● **INSTRUCTIONS FOR THE TASK**: What you should end up with is an exact copy of the lines from the one holding "Appearance of balsam" through the last line of the entries below, both included, and nothing else; leave every picture out.

• • • •

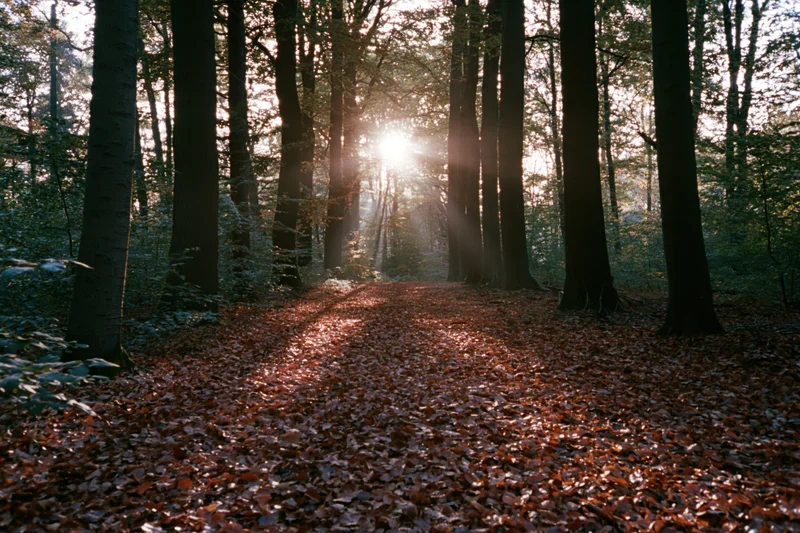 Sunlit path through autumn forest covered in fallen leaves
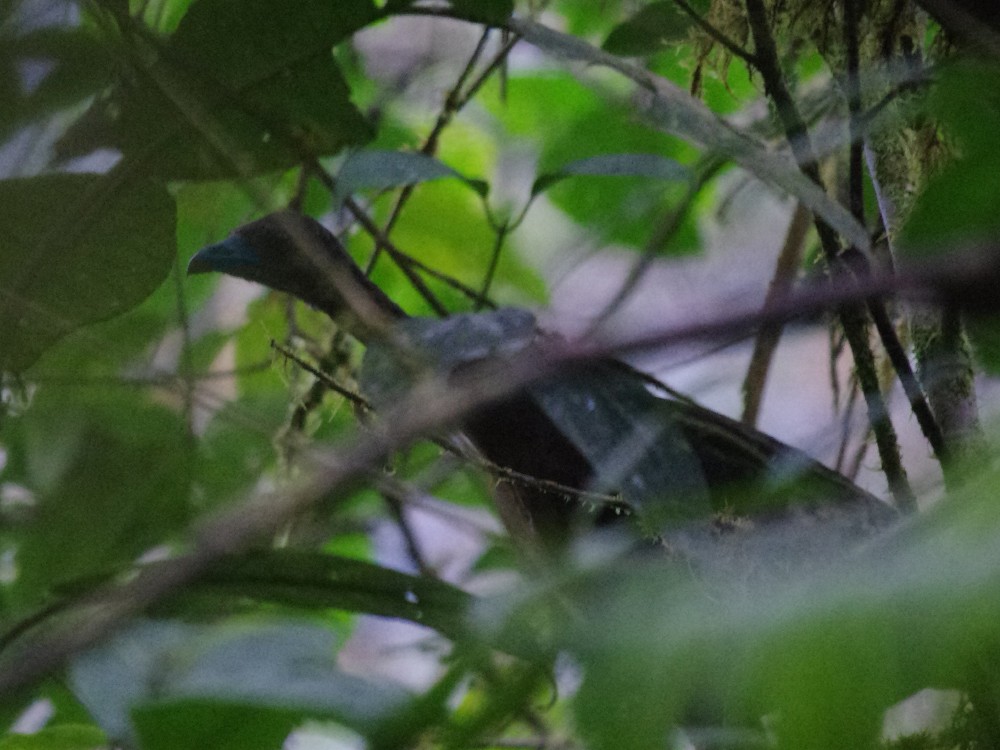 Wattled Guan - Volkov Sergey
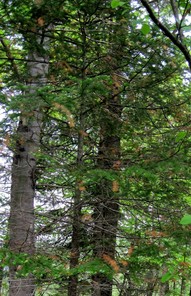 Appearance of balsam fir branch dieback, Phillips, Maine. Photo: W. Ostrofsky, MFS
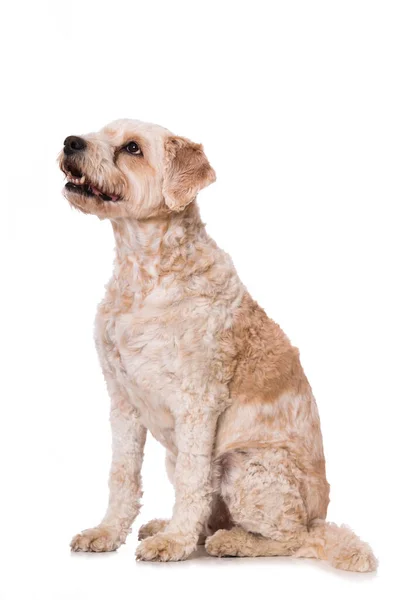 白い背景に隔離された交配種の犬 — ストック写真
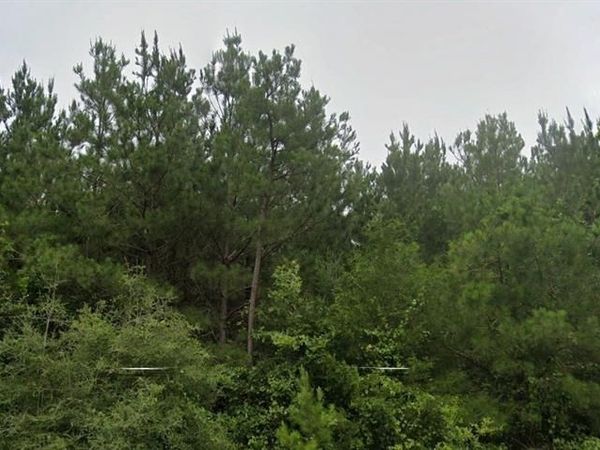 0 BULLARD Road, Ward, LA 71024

• • • •

● **ANSWER TO THE EXERCISE**:
 Appearance of balsam fir branch dieback, Phillips, Maine. Photo: W. Ostrofsky, MFS
 白い背景に隔離された交配種の犬 — ストック写真
 0 BULLARD Road, Ward, LA 71024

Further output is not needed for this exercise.